So Many Choices

Today is a day off work for me, so I have big plans to get lots of art done. But, that can overwhelm me with pressure. So instead of tormenting myself about which way to go next (small drawings for the encaustic layers, and if so, which ones?; finish the art piece for someone I am having lunch with tomorrow; browse through books trying to find my artistic voice; try the wax on a plate on the print press….) I washed my car, even though rain is predicted for tonight or tomorrow. I just know I will feel better if my car is shiny and washing it pretty much guarantees some more much needed rain.

Then, I ran some errands, including buying some tuna and sardines so I will have the empty metal cans to mix my wax paints and a griddle for warming them up. I tried going on-line to find a less expensive/used griddle, but I couldn’t find anything. Luckily, the hardware store in my little 6-horse town is handy – they always have what I need. While in the hardware store, a friend called about prices to make signs for a conference coming up. I was right there in the poster board aisle, so I gave her some real-time quotes. I’m doing the layouts for the conference committee to approve, having made the logo for this big convention too.

I took a little walk along the beach because I’m trying to ease back into exercising. Last year, I was up to 12 miles a week. Now I feel pressed to walk 12 feet! I had my headphones on and did some arm-swinging walk dancing to Sheryl Crow. I’m hoping that puts me back in the mood I was last year – Best of Sheryl Crow was what I did all my walking and running to. I felt really in shape and totally capable of the 3 miles up and 3 miles back walk/run I was doing with her in my ear.

Now, I’m going to warm up some beeswax and paint it onto plexiglass and do some press runs.

That’s some art for the day. I’ll post the results later tonight of the wax + press.

Finally, I Take an Encaustic Class

Last week, I finally realized a quest to take an encaustic painting class. (Encaustic is a painting process that uses hot beeswax and pigment to paint on a rigid surface. Think: painting with melted crayons, sort of.)

The yearning came after I saw an encaustic painting at the International Art Exhibition at Ft Mason five years ago. The encaustic process lent a quality to the landscape, which was of a view out over the ocean, that was ethereal. Like nothing I had ever seen before.

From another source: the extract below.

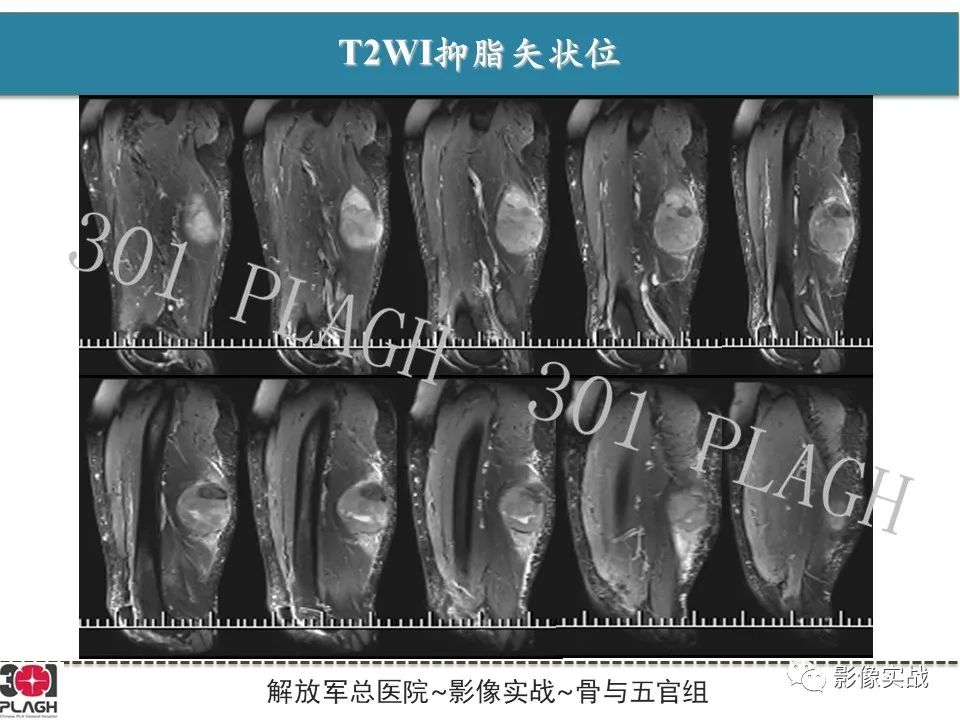 影像PPT - 【病例】大腿横纹肌肉瘤1例MR影像-5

I tried the usual “self-taught” method. I bought a couple of very good books (which turned out to be the bibles), and the materials. But there is something about encaustic that you need to see it being done to “get it.” Turned out I had all the right materials, but was doing one or two critical things wrong. I was using a hair dryer instead of a heat gun to fuse the wax. I should know there is a difference, being an engineer! The hair dryer wasn’t getting the wax hot enough, and in the meantime, was blowing it all over the place.

I somehow also missed the requirement to add damar resin to the beeswax, at 20%. The damar makes the wax harden nicely.

So, thanks to Eileen Goldenberg for teaching wonderful classes in San Francisco. I took her full-day course, where we learned all about the basic techniques in the morning: making the medium, pigments and how to use them, and basic set up for tools and layering the wax. Eileen’s Tea House paintings using wax are amazing – check them out on her website.

In the afternoon, after a lovely lunch in her verdant back yard, we practiced collaging, which was the juicy part I really wanted to learn. In my self-taught pieces, my images were getting lost in the layers. With Eileen’s expert instruction, I was instantly able to correct my errors in technique and achieve the look I was after. I feel so much more confident now, and able to move ahead to experiment with colors and textures.

I am planning to attend the International Encaustic Artist’s annual meeting in Carmel in April, which will be a real treat. And, I plan to marry the encaustic technique up with my new press to make monotypes built from a waxed and inked plate.

Collage Day 2008

A group of us girls got together today – 6 old, 2 young – to do our annual collages. We started with a meditation, led by Andrea. Relaxed and in possession of our higher power’s wisdom, we sat down to pull images. The little ones were probably cursing our meditation in my daughter’s room. She told me flat out before we started to “cut it with the airy-fairy crap.”

Here a picture of my 2008 Collage. I did a round box to receive images throughout the year. I’m not exactly sure what this year will bring – I actually never am. And, I wasn’t particularly attracted to too many images from magazines during the “pulling” period of today’s event.

So, I collaged some broken dollar bills that my son left in his pants that ended up taking out my washing machine pump a couple of weeks ago. I put some fish around the outside of the box with the money, after covering the box with a coat of gesso. As far as I got with my manifesting for 2008 was that I want to be swimming in money by year-end.

I also cut out some hearts and a couple of other images and put them inside the box. I’ll keep doing that all year. It’s interesting this year to be working in a disconnected medium (images to be put into the box) as opposed to laying them all together on a flat surface, connecting them through geometry and color.

And, it is always such a mystery what the year will bring.